Source: NACLA Report on the Americas
On October 25th Argentines go to the polls for general elections that will shape the future of Latin America’s third largest economy. In the wake of Hugo Chavez’s death and amid increasing turmoil in neighboring Brazil, developments in Argentina take on added significance in the region.
In addition to the country’s first non-Kirchner president in twelve years, voters will choose provincial governors, senators, and congressional representatives, as well as parliamentary representatives to the South American trade bloc MERCOSUR.
Recent provincial contests resulted in victories for candidates from outgoing President Cristina Fernández de Kirchner’s Front for Victory (Frente para la Victoria) in both Chaco and Tucumán. In Tucumán, the result was disputed by opposition supporters amid violence directed at opposition candidates and allegations of electoral fraud. Despite protests involving clashes with police the result was subsequently upheld by Tucumán’s Supreme Court.

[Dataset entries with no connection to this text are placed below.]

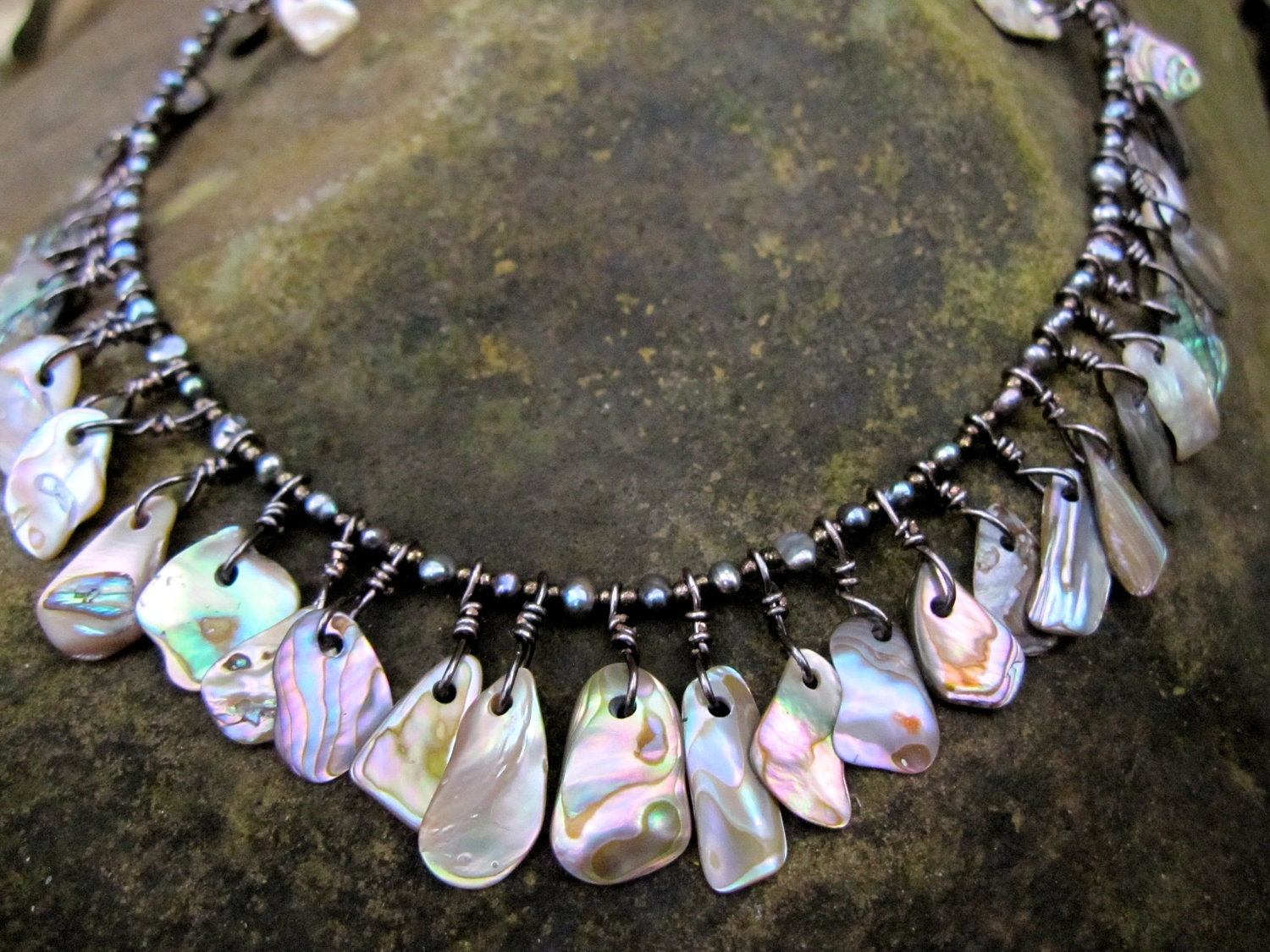 Abalone Necklace hand made with Santa Barbara Channel Islands abalone, hand polished and drilled, and copper wire, and pearls.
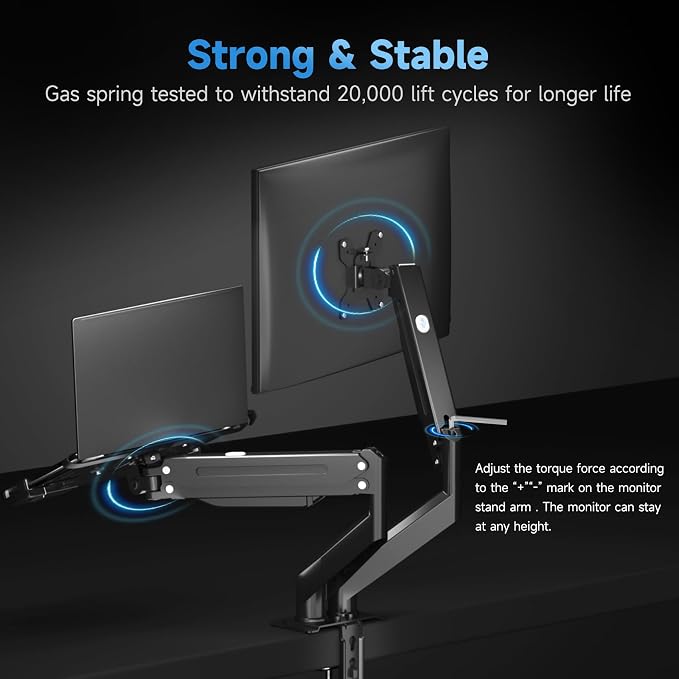 Suptek Monitor Laptop Mount Stand, 2 in 1 Function Dual Monitor Arms Desk Mount for 13"-18" Notebook and 17"-32" Monitor with Laptop Tray,Holds up to 22lbs - Image 7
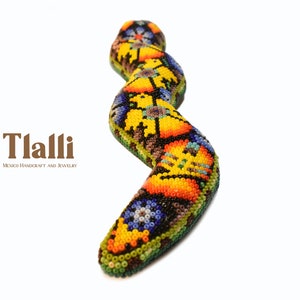 Beaded snake sculpture, eagle drawing, handmade huichol art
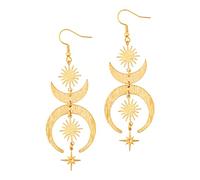 Hanary Celestial Sun Moon Star Earrings Dangle, Gothic Boho Earrings for Women, Boho Jewelry, Christmas Jewelry Gift For Women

August primaries established three main presidential candidates: successor to Kirchner in the Front for Victory coalition and outgoing governor of Buenos Aires province, Daniel Scioli; dissident Peronist Sergio Massa of the Renewal Front (Frente Renovador); and mayor of Buenos Aires Mauricio Macri of center-right Let’s Change (Cambiemos). Recent polls show Scioli on the cusp of the 40% of the vote plus a 10% edge over his nearest opponent necessary to avoid an unpredictable runoff on November 22nd. However it is far behind Kirchner’s 54% tally in 2011.